É com muito mérito que o Wolf Alice chega ao lançamento de My Love Is Cool, o primeiro disco completo. Além de uma ótima banda ao vivo, os dois primeiros EPs mostram que são muito bons ao percorrer diferentes estilos. Aliás, My Love Is Cool tem tanto canções novas quanto muitas outras que já tinham sido apresentadas ao vivo ou mesmo ganharam vídeos.
Temos assim a guitarreira da excelente “Moaning Lisa Smile”, o punk pop de “You’re a Germ”, o shoegaze de “Giant Peach”, o rock fofo de “Lisbon” (mas que termina bastante barulhento), o grunge de “Fluffy” e a ótima “The Wonderwhy”, com uma melodia vocal caprichada e u inesperado flerte eletrônico no final. É bom que se deixe claro que tudo é muito orgânico com o Wolf Alice, você realmente sente que é um trabalho de quatro instrumentistas fazendo uma música que não é pretensiosa, mas que preza por ser boa e não banal.
O disco é bem servido de faixas menos explosivas, como a climática e lenta “Turn to Dust”, em que Roswell dá uma mostra da qualidade de seu vocal mais suave (porque sua gritaria e versão mais selvagem já estão aprovadas há muito tempo). “Bros” se beneficia bastante dos efeitos aplicados aos instrumentos para ganhar uma roupagem mais modernosa, como se fosse um shoegaze pop. “Your Loves Whore” dá ênfase na instrumentação para criar seu clima e coloca umas pausas entre um verso e outro para dar uma sensação de estranhamento. Também é uma das melhores faixas de My Love Is Cool. E o que “Silk” e “Soapy Water” têm de pop alternativo, “Freazy” tem de mainstream e acessível. “Swallowtail”, cantada pelo guitarrista, começa como um folk bem melancólico e termina com uma enorme onda de reverb da guitarra e bateria acelerada.
Não há nada errado com as músicas de My Love Is Cool. A banda está em forma, Roswell canta muito bem e nenhuma música é dispensável. Mas ouvir o álbum da primeira à última faixa parece que não dá conta do poder de fogo e overdrive que esses londrinos têm. Se “Fluffy” e “The Woderwhy” fecham magistralmente esse début, o início dele parece um pouco anticlimático. “Turn to Dust”, a primeira faixa, é linda e mostra um lado nada agressivo do Wolf Alice. E “Bros”, a segunda, não é exatamente uma demonstração do vigor roqueiro que o público já conhece de seus clipes, EPs e apresentações (que estão no YouTube, por exemplo). Existe uma “ciência oculta” que organiza a posição das faixas em um álbum para que ele soe fluido e equilibre dinâmicas mais elevadas e mais contidas ao longo de seu tempo de duração. Faltou essa percepção e esse feeling no acabamento de My Love Is Cool, que já poderia cair matando logo com a tesuda “Moaning Lisa Smile” e deixado “Turn to Dust” para um momento mais propício para a divagação sonora do ouvinte.

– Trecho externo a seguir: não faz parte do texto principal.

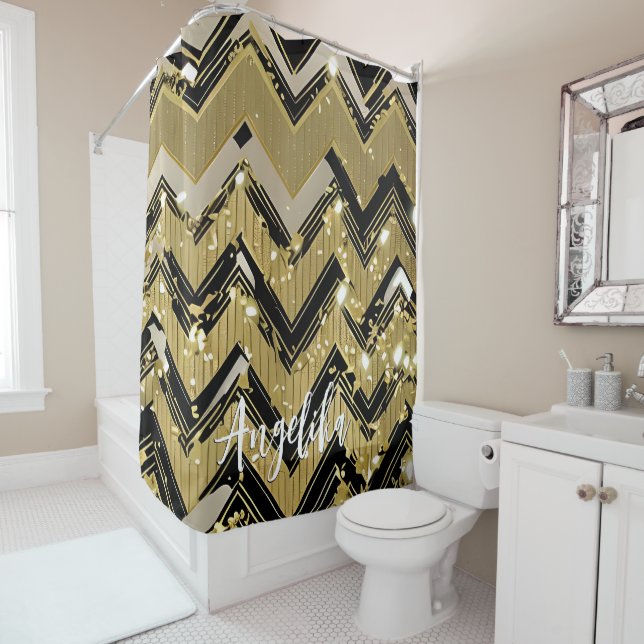 Chevron Black and Gold Personalised Name Shower Curtain (In Situ)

Apesar de nova e jovem, o Wolf Alice tem todo o jeitinho de banda inglesa que pode começar a excursionar pelo mundo em breve e participar de festivais indie. Há um pouco de Bethany Consentino, do Best Coast, no jeito de Ellie Roswell cantar e mandar ver no palco. Mas há um lado mais visceral da banda que se aproxima muito da australiana Courtney Barnett, que também lançou seu primeiro disco completo este ano. Barnett tem mais experiência e conseguiu fazer um disco que soa mais consistente, mas em termos de diversão, Wolf Alice e Barnett estão pau a pau.

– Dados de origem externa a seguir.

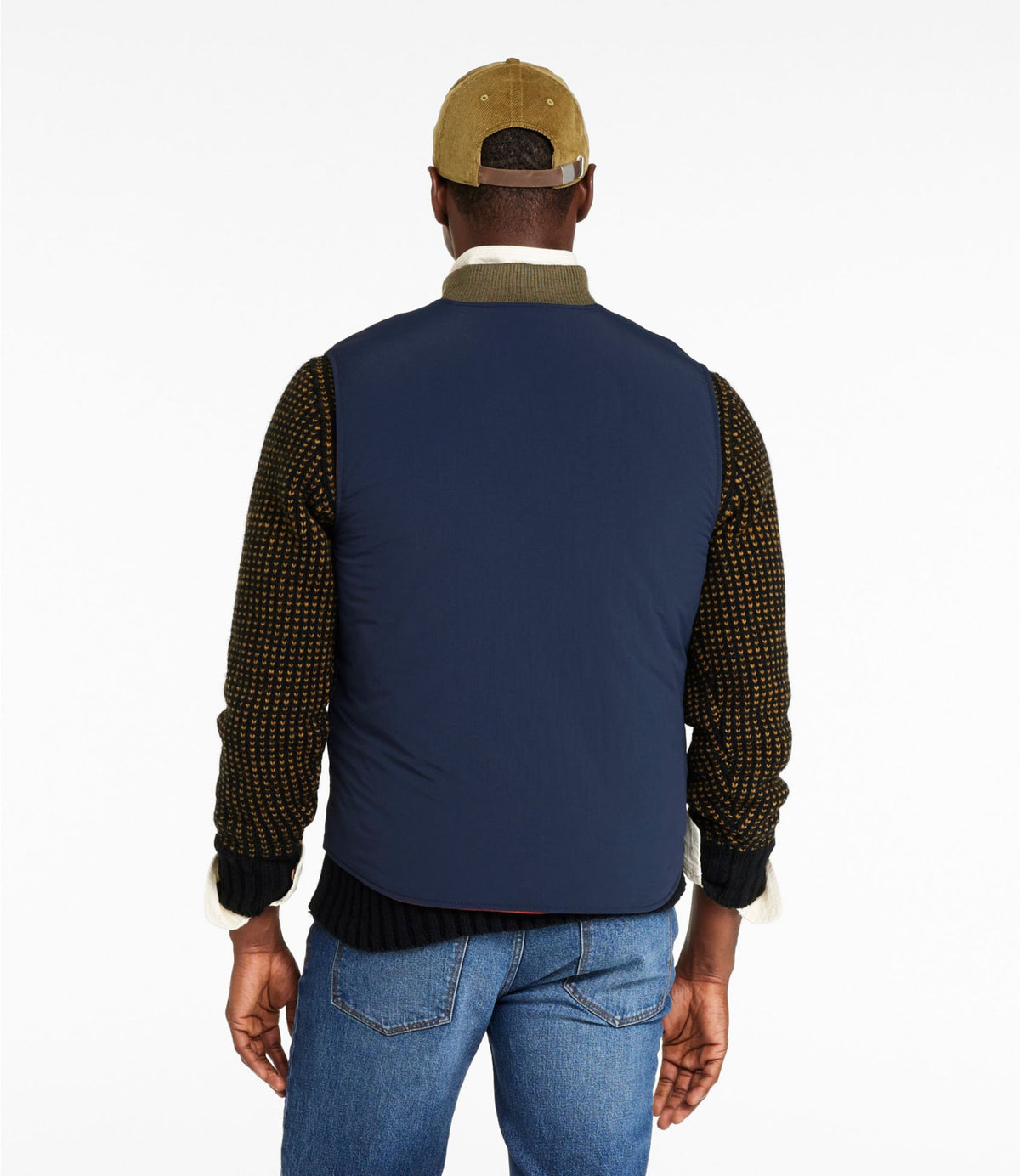 L.L.Bean Men's Signature Reversible Quilted Vest Dark Russet/Navy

Ao fim de My Love Is Cool você fica querendo mais e pode encontrar boas canções, como “Blush”, “She” e “Storms”, em seus EPs e vídeos disponíveis. Mas fica a certeza também de que o grupo vai chegar ao segundo álbum ainda melhores e mais confiantes. Se depender do ao vivo, já é uma das melhores estreias de 2015.